**Given entries:**

---+---

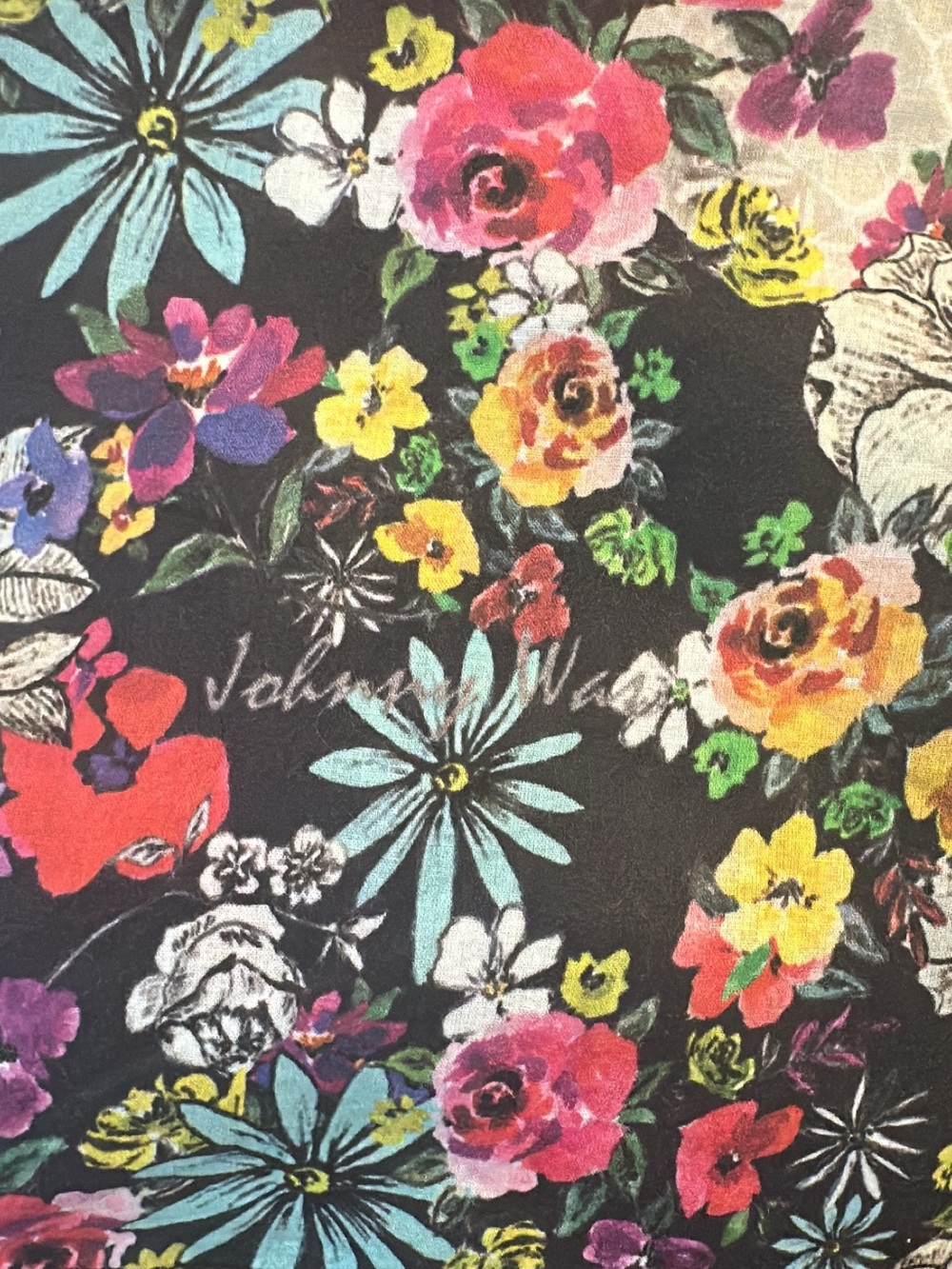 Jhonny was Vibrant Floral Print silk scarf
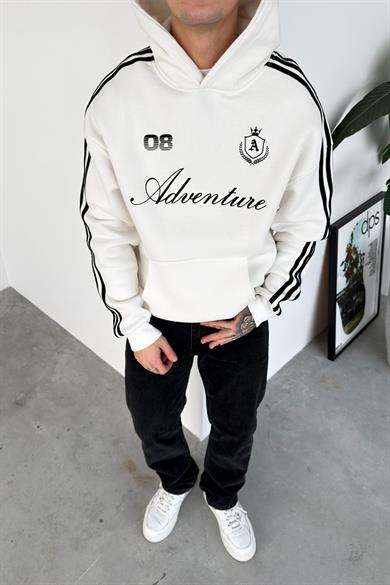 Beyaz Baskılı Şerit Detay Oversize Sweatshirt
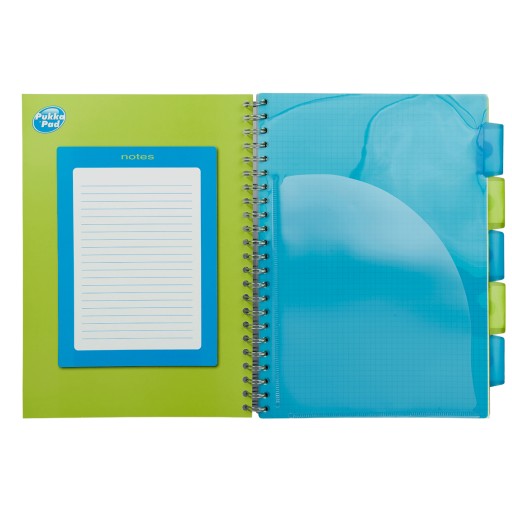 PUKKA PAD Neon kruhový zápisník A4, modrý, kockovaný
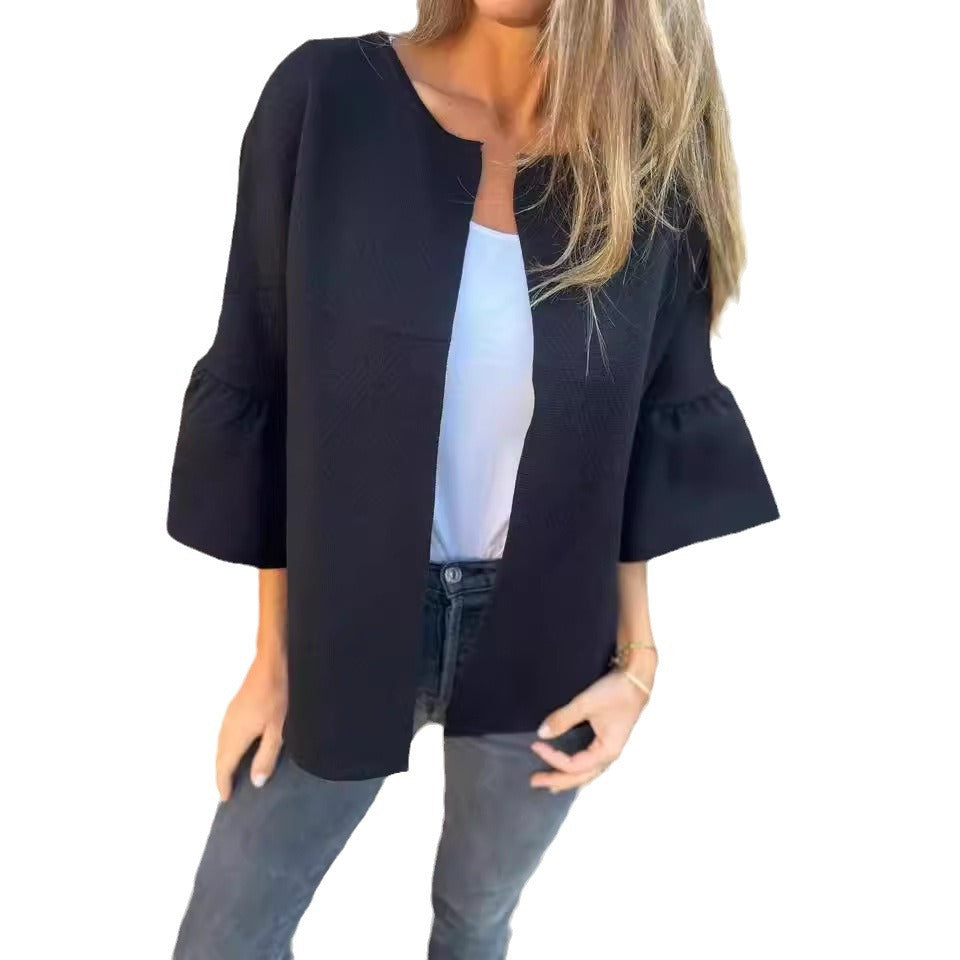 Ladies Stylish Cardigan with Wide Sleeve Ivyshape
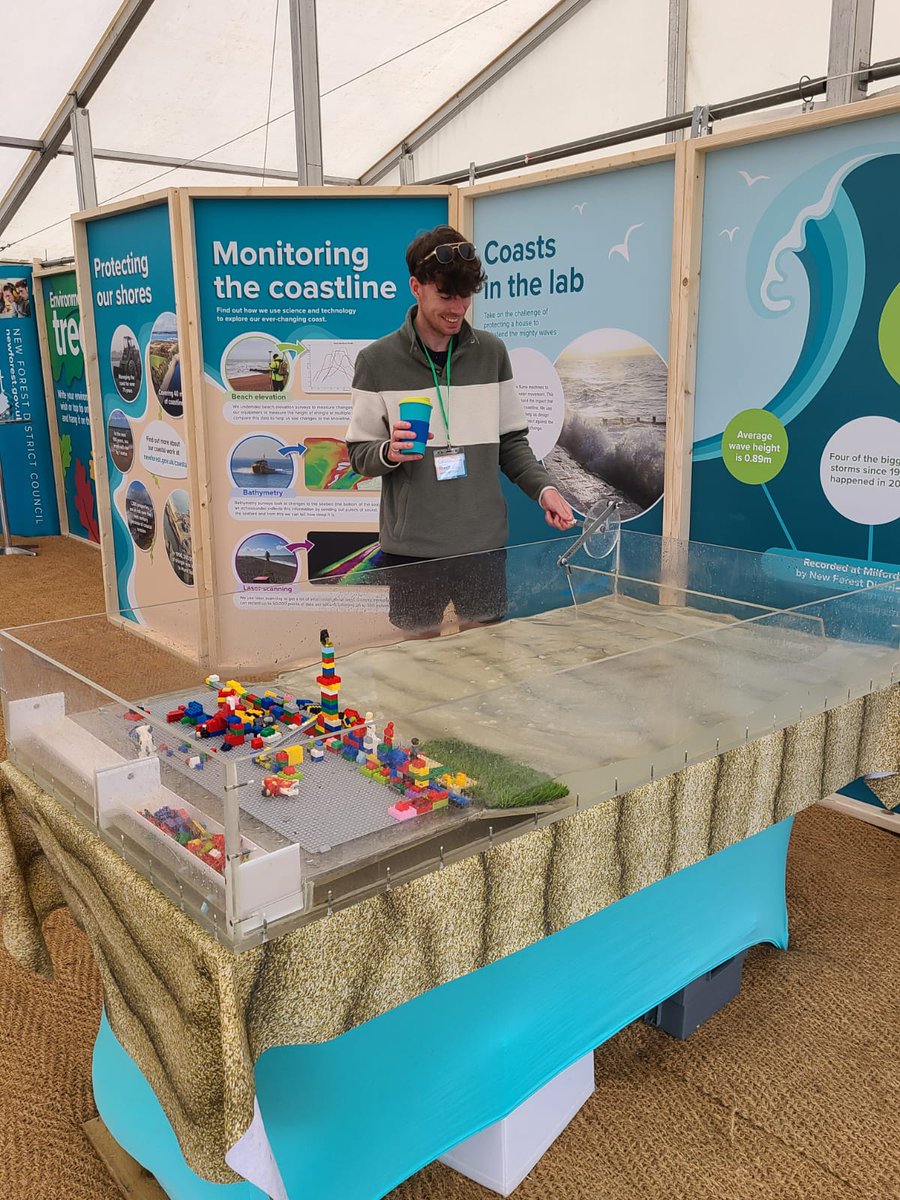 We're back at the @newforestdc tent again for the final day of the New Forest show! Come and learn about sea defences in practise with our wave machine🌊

---+---

**Work to be completed:**
Exact copy, pictures excluded: from the line with "Beyaz Baskılı Şerit" up to and including the line with "Ladies Stylish Cardigan" in the data above.

**Reply to the exercise:**
 Beyaz Baskılı Şerit Detay Oversize Sweatshirt
 PUKKA PAD Neon kruhový zápisník A4, modrý, kockovaný
 Ladies Stylish Cardigan with Wide Sleeve Ivyshape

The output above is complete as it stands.